Debugging this is a challenge, but I learned a lot. Thx.
Dask worker dies after calling dask_xgboost.train method using GPU's (one or many). Same code runs fine on CPU.
Configuration used - RAPIDS docker image cuDF Version: 0.12.0b+2032.gab97331 Dask Version: 2.10.1 Dask cuDF Version: 0.12.0b+2032.gab97331 Dask XGBoost Version: 0.1.5 numpy Version: 1.18.1 pandas Version: 0.25.3 Scikit-Learn Version: 0.22.1
Description / Steps
distributed.scheduler - INFO - Clear task state distributed.scheduler - INFO - Scheduler at: tcp://127.0.0.1:43901 distributed.scheduler - INFO - dashboard at: 127.0.0.1:8787 distributed.nanny - INFO - Start Nanny at: 'tcp://127.0.0.1:36881' distributed.scheduler - INFO - Register worker <Worker 'tcp://127.0.0.1:41279', name: 0, memory: 0, processing: 0> distributed.scheduler - INFO - Starting worker compute stream, tcp://127.0.0.1:41279 distributed.core - INFO - Starting established connection distributed.scheduler - INFO - Receive client connection: Client-b52dc8d4-6d07-11ea-b55f-0242ac110002 distributed.core - INFO - Starting established connection
Reading data from CSV: Pandas DF -> Dask DF -> Dask cudf Here data processing on single GPU / multi GPU works fine.
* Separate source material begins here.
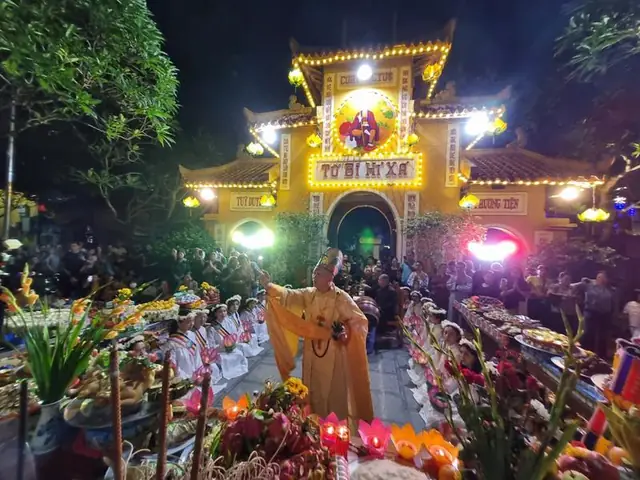 Hà Nội: Lễ Cúng Mông Sơn Thí Thực Tại Chùa Quán Sứ | Phật Giáo ...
Then:
distributed.worker - INFO - Run out-of-band function 'start_tracker' distributed.scheduler - INFO - Remove worker <Worker 'tcp://127.0.0.1:41279', name: 0, memory: 12, processing: 1> distributed.core - INFO - Removing comms to tcp://127.0.0.1:41279 distributed.scheduler - INFO - Lost all workers distributed.nanny - INFO - Worker process 13746 was killed by unknown signal distributed.nanny - WARNING - Restarting worker distributed.scheduler - INFO - Register worker <Worker 'tcp://127.0.0.1:33803', name: 0, memory: 0, processing: 8> distributed.scheduler - INFO - Starting worker compute stream, tcp://127.0.0.1:33803 distributed.core - INFO - Starting established connection
The train_part indicates "no-worker" and just hangs there.